Figure 3. Digital dimensions to consider
Figure 3. Digital dimensions to consider



Sustainability and digitalization have increasingly converged as companies have progressed along their digital transformation journeys. A company that fails to recognize and leverage these linkages risks failing to deliver the full potential of digital investments. It may also mean its progress toward net zero is too slow to meet stakeholder expectations. And, in a very direct way, companies may miss out on one of the most effective methods available to them to boost company value. Integration should therefore be high on the executive agenda and should include a focus on five key elements:

  1. Understand current performance on digital sustainability and obtain the organization baseline.

  2. Define digitalization use cases that help to manage sustainability, in line with areas having the biggest footprint in the organization.

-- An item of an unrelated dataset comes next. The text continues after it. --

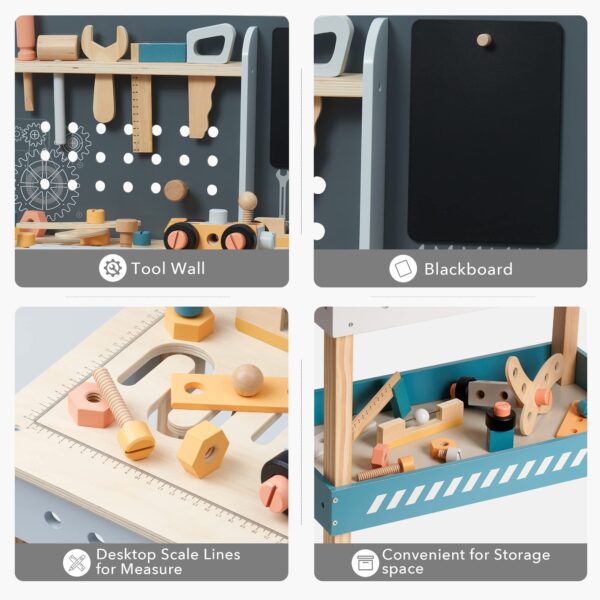 iKid Robotime Wooden Tool Bench For Kids Toy Play Workbench Workshop With Tools Set - Image 8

  3. Prioritize levers and define initiatives for reducing sustainability impacts of digitalization, taking into account enterprise architecture, operating model, and human aspects.

  4. Understand expected impact on valuation of defined initiatives and communicate appropriately in terms of company ambition, priorities, and ESG reporting.

  5. Execute iteratively and track progress frequently versus the established baseline.


[1] Based on a found correlation range of 0.05 to 0.13 with 95% confidence for impact of ESG score on P/E ratio.